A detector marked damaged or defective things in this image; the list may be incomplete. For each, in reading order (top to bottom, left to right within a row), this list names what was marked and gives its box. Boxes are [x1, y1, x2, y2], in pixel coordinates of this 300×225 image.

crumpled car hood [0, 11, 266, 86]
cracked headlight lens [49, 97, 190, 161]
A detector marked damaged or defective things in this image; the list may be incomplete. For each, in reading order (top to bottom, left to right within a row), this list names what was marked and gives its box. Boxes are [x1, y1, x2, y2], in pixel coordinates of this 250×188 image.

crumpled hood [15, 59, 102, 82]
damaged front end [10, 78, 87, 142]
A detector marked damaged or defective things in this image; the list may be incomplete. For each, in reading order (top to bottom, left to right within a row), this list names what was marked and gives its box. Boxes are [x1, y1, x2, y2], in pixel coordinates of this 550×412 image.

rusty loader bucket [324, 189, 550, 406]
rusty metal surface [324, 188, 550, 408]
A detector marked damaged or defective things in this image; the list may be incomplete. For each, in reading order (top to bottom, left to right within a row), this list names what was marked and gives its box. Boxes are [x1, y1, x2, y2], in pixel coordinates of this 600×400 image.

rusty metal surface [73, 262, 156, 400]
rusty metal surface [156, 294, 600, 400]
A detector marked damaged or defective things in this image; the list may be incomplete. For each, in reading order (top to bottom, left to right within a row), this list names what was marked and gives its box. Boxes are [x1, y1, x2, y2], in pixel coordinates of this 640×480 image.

◆ ◆ ◆ ◆

Copy exactly, and only, the lines from the line that contains "this 600×400 image." through the end of the data above.

A detector marked damaged or defective things in this image; the list may be incomplete. For each, in reading order (top to bottom, left to right within a row), this list names what was marked and gives its box. Boxes are [x1, y1, x2, y2], in pixel coordinates of this 600×400 image.

rusty metal surface [73, 262, 156, 400]
rusty metal surface [156, 294, 600, 400]
A detector marked damaged or defective things in this image; the list may be incomplete. For each, in reading order (top to bottom, left to right within a row), this list names what was marked and gives its box. Boxes are [x1, y1, x2, y2], in pixel coordinates of this 640×480 image.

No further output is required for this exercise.